Much has changed in the world of water, food and environment, IWMI’s chosen niche, over the last seven years. Many useful bridges have been built between the agriculturalists and the environmentalists involved in water. Agriculture and wetlands is now a topic discussed among the ecologists in the Ramsar Convention while biodiversity in agro-ecosystems is on the agenda for agriculturalists. There is improved dialogue on many fronts between the two sectors.

The CA focuses on agriculture but with a firm input from the environmental perspective. The CGIAR Challenge Program on Water and Food (CPWF) addresses many of the key issues identified as priorities in the CA in the field. IWMI has played a key role in the development and implementation of both the CA and CPWF and is pleased – and proud – to be associated with the emerging results and recommendations from both programs.

So what does this assessment conclude? Is there enough water or are we running out? The CA’s answer is that we are running out of water to satisfy all demands in many locations - the closed and closing river basins - and that this will worsen if present policies continue. That is the bad news. But the CA also presents key opportunities to alleviate or prevent such water crisis situations. One of the most surprising conclusions presented with authority by the CA is its optimistic view on rainfed agriculture, particularly in Sub-Saharan Africa. The CA concludes that one of the key opportunities to address poverty and improve water productivity lies in Africa’s savannahs.

While many may be skeptical that major progress can be made in such a difficult environment, where real success has escaped us despite decades of trying, the evidence shows that this is indeed possible. In Brazil, the savannahs – called ‘cerrados’ there – have been developed successfully and crop and water productivity has increased dramatically.

The assessment puts forward key recommendations for improving water management in agriculture to address the world water crisis, backed by the authority of over 700 scientists and careful analysis in this report and a series of companion volumes. We are confident that the CA – with proper translation to regional, national and basin level realities – will prove to be a crucial guide for water policy in agriculture. It has already been important for sharing knowledge among researchers and research organizations and for setting research agendas.
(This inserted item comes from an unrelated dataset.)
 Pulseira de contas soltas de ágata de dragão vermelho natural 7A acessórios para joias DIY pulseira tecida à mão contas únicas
We hope and expect that the investments made by so many in this assessment will turn out to be a stepping stone out of poverty for many of the millions of poor rural people that struggle with water scarcity today.

The Board is convinced that IWMI is well positioned to face its challenges in the years to come and make an impact on the health and well-being of poor people through improved management of their natural resources - first and foremost their water and land resources.

May 2007

   
(Signed)
(Signed)
Nobumasa Hatcho
Board Chair
Frank Rijsberman
Director General

                                                  

 

By coincidence, Frank Rijsberman, who initiated the Comprehensive Assessment when he joined IWMI in the year 2000, is leaving the institute as the CA is completed. The Board is in the process of recruiting a successor and has appointed David Molden to the position of Acting Director General from June 1st, 2007.
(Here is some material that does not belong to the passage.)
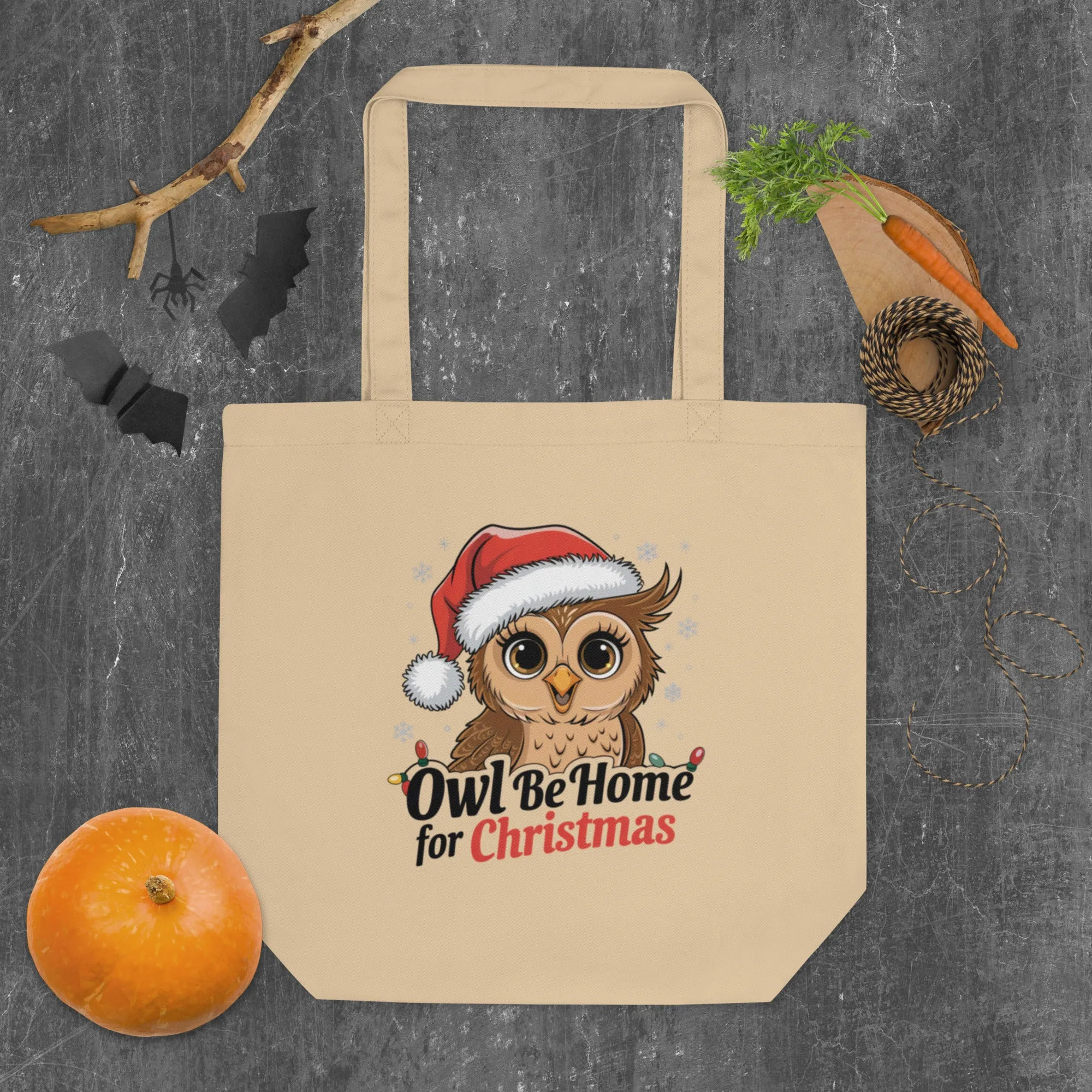 Large Organic Tote Bag: Owl themed Stylish, Sustainable, and Perfect for Every Day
The Board would like to commend Frank for his successful leadership of the Institute during the past seven years. As is well documented elsewhere, IWMI has grown and blossomed over the period under his leadership.

The overall conclusion of the 3rd External Program and Management Review of IWMI was that the institute has emerged from its period of rapid growth as a larger, more diverse, more proactive and generally stronger research organization, with enhanced human resources management.

IWMI has benefited greatly from the leadership of a strong and dynamic Director General since 2000. The IWMI Board fully agrees with this endorsement of the external review panel and wishes Frank well as he goes on to new challenges in helping to build Google’s new philanthropic arm, google.org.